Problem 4: Evaluation function (extra credit)

• If you would like to participate in the extra credit, please submit the same submission.py to both the HW5 Programming and HW5 Programming (extra credit) assignments on Gradescope.
• On Gradescope, your programming assignment will be graded out of 30 points total (including basic and hidden tests). However, there is an opportunity to earn up to 12 extra credit points (10 programming and 2 written), as described below.
• CAs will not be answering specific questions about extra credit; this part is on your own!

1. Write a better evaluation function for Pac-Man in the provided function betterEvaluationFunction. The evaluation function should evaluate states rather than actions. You may use any tools at your disposal for evaluation, including any util.py code from the previous assignments. With depth 2 search, your evaluation function should clear the smallClassic layout with two random ghosts more than half the time for full (extra) credit and still run at a reasonable rate.

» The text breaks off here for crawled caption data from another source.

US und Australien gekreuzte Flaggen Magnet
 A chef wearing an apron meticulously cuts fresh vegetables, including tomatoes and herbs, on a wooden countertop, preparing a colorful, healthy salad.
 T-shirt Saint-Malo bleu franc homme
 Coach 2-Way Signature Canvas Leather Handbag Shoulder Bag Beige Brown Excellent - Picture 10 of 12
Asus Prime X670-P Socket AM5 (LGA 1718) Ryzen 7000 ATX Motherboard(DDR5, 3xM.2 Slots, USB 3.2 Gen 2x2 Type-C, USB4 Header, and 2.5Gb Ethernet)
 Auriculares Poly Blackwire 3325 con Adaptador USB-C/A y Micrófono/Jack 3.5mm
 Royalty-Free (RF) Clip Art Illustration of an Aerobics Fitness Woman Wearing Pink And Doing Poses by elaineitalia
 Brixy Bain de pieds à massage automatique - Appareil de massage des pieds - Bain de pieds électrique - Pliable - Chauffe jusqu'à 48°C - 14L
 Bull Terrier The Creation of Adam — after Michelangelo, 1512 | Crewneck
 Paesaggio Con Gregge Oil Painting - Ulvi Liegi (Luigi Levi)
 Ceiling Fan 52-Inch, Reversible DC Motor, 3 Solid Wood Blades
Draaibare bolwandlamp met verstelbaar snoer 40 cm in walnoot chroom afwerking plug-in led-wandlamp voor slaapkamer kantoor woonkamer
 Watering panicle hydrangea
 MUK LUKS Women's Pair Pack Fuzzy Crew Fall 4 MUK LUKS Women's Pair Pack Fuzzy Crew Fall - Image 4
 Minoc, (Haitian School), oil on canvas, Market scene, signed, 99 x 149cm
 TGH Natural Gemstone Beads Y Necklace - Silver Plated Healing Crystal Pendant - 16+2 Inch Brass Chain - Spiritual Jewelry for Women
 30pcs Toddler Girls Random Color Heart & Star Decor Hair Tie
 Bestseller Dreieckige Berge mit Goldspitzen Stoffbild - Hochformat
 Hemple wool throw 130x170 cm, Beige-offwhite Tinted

   python pacman.py -l smallClassic -p ExpectimaxAgent -a evalFn=better -q -n 20

   For this question, we will run your Pac-Man agent 20 times with a time limit of 10 seconds and your implementations of questions 1-3. We will calculate the average score you obtained in the winning games if you win more than half of the 20 games. You obtain 1 extra point per 100 point increase above 1200 in your average winning score, for a maximum of 5 points. In grader.py, you can see how extra credit is awarded. For example, you get 2 points if your average winning score is between 1400 and 1500. In addition, the top 3 people in the class will get additional points of extra credit: 5 for the winner, 3 for the runner-up, and 1 for third place. Note that late days can only be used for non-leaderboard extra credit. If you want to get extra credit from the leaderboard, please submit before the normal deadline.
   
   You will be added to the leaderboard automatically when you submit. You can access the leaderboard by opening your submission on Gradescope and clicking "Leaderboard" on the top right corner.

   Hints and Observations

   • Having gone through the rest of the assignment, you should play Pac-Man again yourself and think about what kinds of features you want to add to the evaluation function. How can you add multiple features to your evaluation function?
   • You may want to use the reciprocal of important values rather than the values themselves for your features.
   • The betterEvaluationFunction should run in the same time limit as the other problems.
2. Clearly describe your evaluation function. What is the high-level motivation? Also talk about what else you tried, what worked, and what didn't. Please write your thoughts in pacman.pdf, not in code comments. Note that you can attempt this question only if you have implemented a different evaluation function in part (a) above.
   A short paragraph answering the questions above.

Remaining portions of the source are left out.